Active noise cancelling
The Buds Pro have several active noise-cancelling and ambient sound modes. There are two levels of noise-cancelling available. On high, the noise-cancelling is effective at reducing low rumbles and some mid-frequency sounds but falls slightly short of the effectiveness of the Elite 85t and AirPods Pro. The Buds Pro were also affected to a greater extent by the fit of the earbuds – twisting and locking them in place against the inside of my ear significantly improved the amount of noise they blocked out.
The ambient sound mode, which pipes the noise of the outside world into your ears, has four levels and can be automatically triggered when the earbuds detect you speaking. It works pretty well for quick conversations or hearing announcements but doesn’t sound as natural as the best available.
The earbuds also have Dolby technology that tracks the movements of your head in relation to a phone or tablet to create a virtual surround sound Samsung calls 360 Audio. It only works with devices running Samsung’s latest software OneUI 3.1 but, unlike rival systems from Apple and others, it is able to create the virtual surround effect for any video, not only those with Dolby soundtracks, anchoring the sound to the screen. The effect is surprisingly good.
You can set Samsung’s Bixby voice assistant to listen for the wakeword “Hey Bixby”.
Game Mode reduces latency for audio that is in sync with the action on screen for games with Samsung devices.
Call quality was reasonable: my voice was clear and background noise was minimised but I sounded a little distant and not as crisp as the best rivals.
Sneezing, blowing my nose and coughing triggered the auto-ambient sound mode when active.
The Samsung Galaxy Buds Pro cost £219 and are available in black, silver or purple, shipping on 28 January.
For comparison, the Galaxy Buds Live have an RRP of £179, the Galaxy Buds+ cost £129, the Jabra Elite 85t cost £219.99, the Bose QC Earbuds cost £249.95, the Sony WF-1000XM3 cost £149 and the Apple AirPods Pro cost £249.
The Galaxy Buds Pro are Samsung’s best true wireless earbuds yet.
They pack excellent sound with solid noise-cancelling into small and comfortable earbuds without stalks, which have good battery life and a great, compact case – a combination that’s still hard to find. They are also water-resistant to a high standard, which can’t be said for most competitors, and are made with recycled materials.
They are not cheap, costing £219, which puts them in the top end of the market, beating Apple’s AirPods Pro on sound but falling short of the Jabra Elite 85t on noise-cancelling. If other Samsung earbuds are any indication, you should be able to find them with a reasonable discount if you shop around in the near future.

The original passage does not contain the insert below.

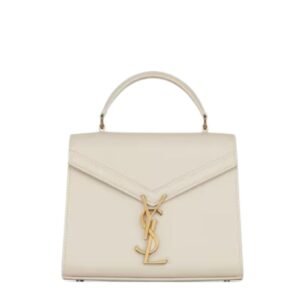 SAINT LAURENT WOMEN’S CASSANDRA MINI TOP HANDLE BAG IN GRAIN DE POUDRE EMBOSSED LEATHER BLANC VINTAGE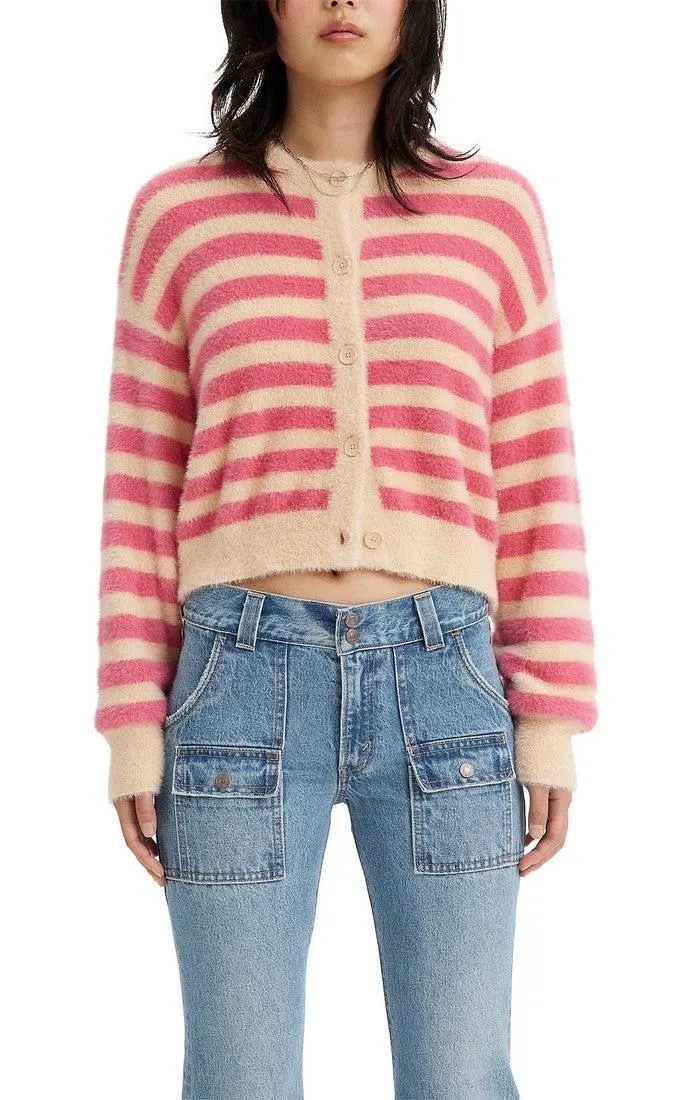 Levis Cat Cardigan In Jenn Stripe Marzipan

Unlike previous Samsung earbuds, the batteries in the Buds Pro cannot be replaced, which is a disappointing step back and ultimately makes them disposable, similar to most other true wireless earbuds, losing them a star. Samsung does not recycle the earbuds either. They can be used with an iPhone but are not supported by the Galaxy Buds app, so you can’t change the settings or keep them up to date.
The Galaxy Buds Pro are Samsung’s true AirPods Pro-beaters for Android – an excellent set of premium everyday true wireless earbuds.
Pros: great sound, solid noise-cancelling, seamless switching, good controls, comfortable fit, excellent case, solid battery, no stalks, IPX7 water resistance, made of recycled materials.
Cons: expensive, battery cannot be replaced, some features restricted to Samsung devices, can only connect to one device at a time.